Hegemonik güçlerin Abdullah Öcalan'ın Kürt halkı üzerinde çok etkili olduğunu gördükten sonra komployu devreye koyduklarını söyleyen Mela Davûd Övseme, "Uluslararası komploda yer alan Yunanistan, İtalya, Rusya gibi hegemonik güçler, işgalcilerin etkisinden çıkmak isteyen yurtsever halkın umutlarını kırmak istiyordu. Ama şunu bilmiyorlardı; Önderlik zindanda da olsa, dışarıda da olsa Kürt halkı için her zaman etkili biridir. Esir alındıktan sonra insanlar Önderlik etrafında ateşten çember oluşturdu. Komplocu güçler, Kürt halkının gözlerini kırpmadan bedenlerini ateşe vereceklerini, büyük eylemler düzenleyeceklerini beklemiyorlardı. Esaretinden sonra Özgürlük Hareketinin kendisini yenilemesini de tahmin edemediler. Özgürlük hareketinin ve Kürt toplumunun kendisini yenilemesi, dönüşmesi ile anladılar ki Abdullah Öcalan’ın fiziki tutsaklığı bir anlam ifade etmiyor. Fikirleri ve düşüncelerinin önünü alamadıklarından dolayı son yıllarda telefon görüşmesine dahi izin vermiyorlar. Biz mücadeleyi daha da büyütürsek fiziki özgürlüğünü de sağlarız" dedi.
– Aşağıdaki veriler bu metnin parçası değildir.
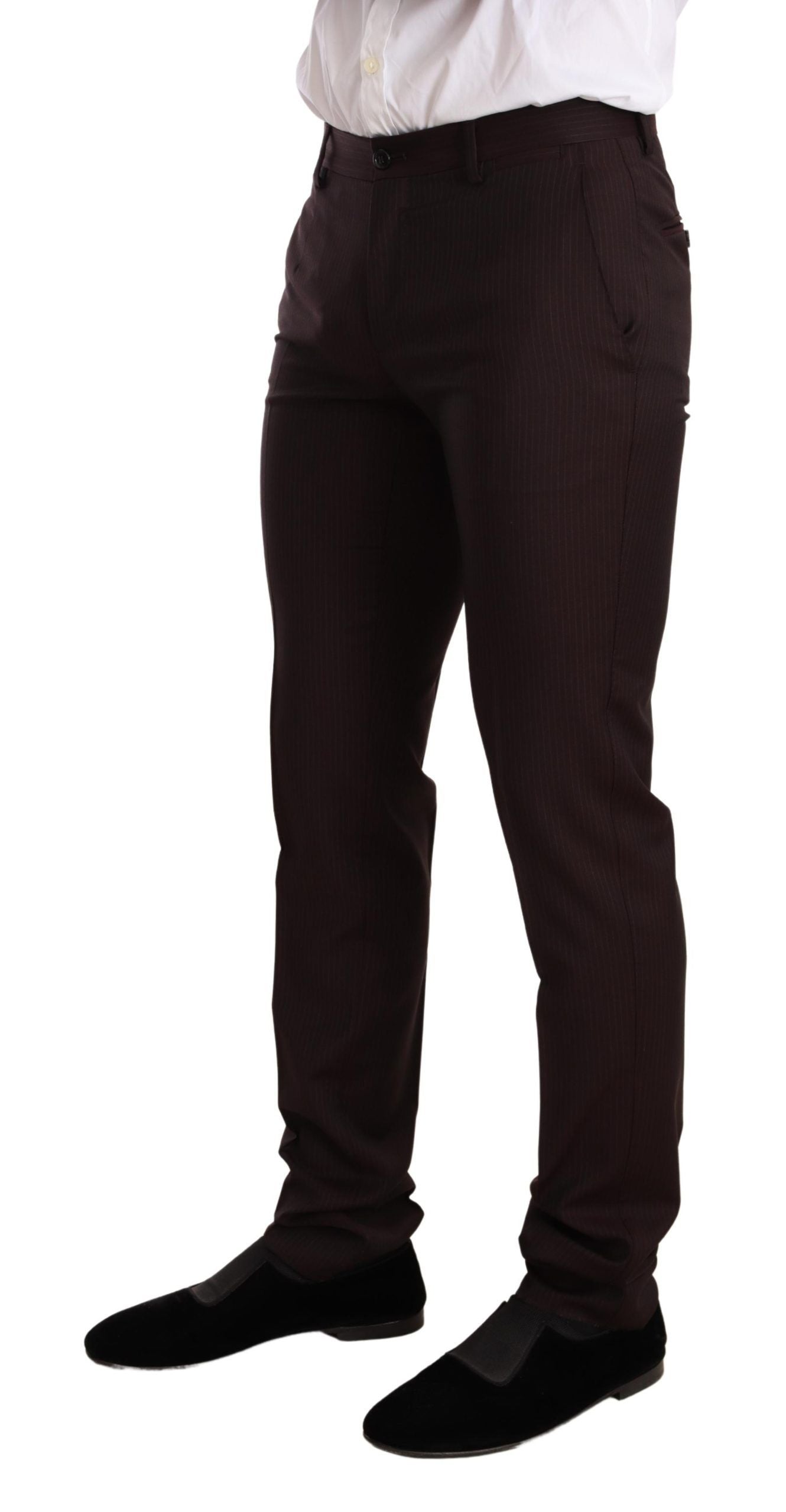 - Elegant Bordeaux Striped Martini Suit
ARTIK FİZİKİ ÖZGÜRLÜĞÜNE KAVUŞTURMALIYIZ

Artık zamanı geldi, Abdullah Öcalan'a Özgürlük hamlesinin hem enternasyonalist çevre hem de Kürt halkı tarafından sahiplenildiğini hatırlatan CÎK Başkan Yardımcısı Övseme, şöyle devam etti: "Uluslararası alanda Nobel Ödülü sahipleri, aydınlar, yazarlar bu hamleyi desteklediler. Bizim için 23 yıldır zindanda tecritte olan Önderliğimizi artık özgürlüğüne kavuşturmamız gerekiyor, çünkü tutsaklığının bir anlamı kalmadı. Ulus devlet anlayışının dayattığı savaşları, açlığı, işgali kabul etmeyen herkes, Önderliğin paradigmasına sahip çıkıyor. Abdullah Öcalan’ın  paradigmasında herkes kendisini görüyor. Doğa sever, demokrat, inanç sahipleri, kadın, çocuk herkes Önderliğin paradigmasında kendisine yer bulduğu için paradigmayı sahipleniyor."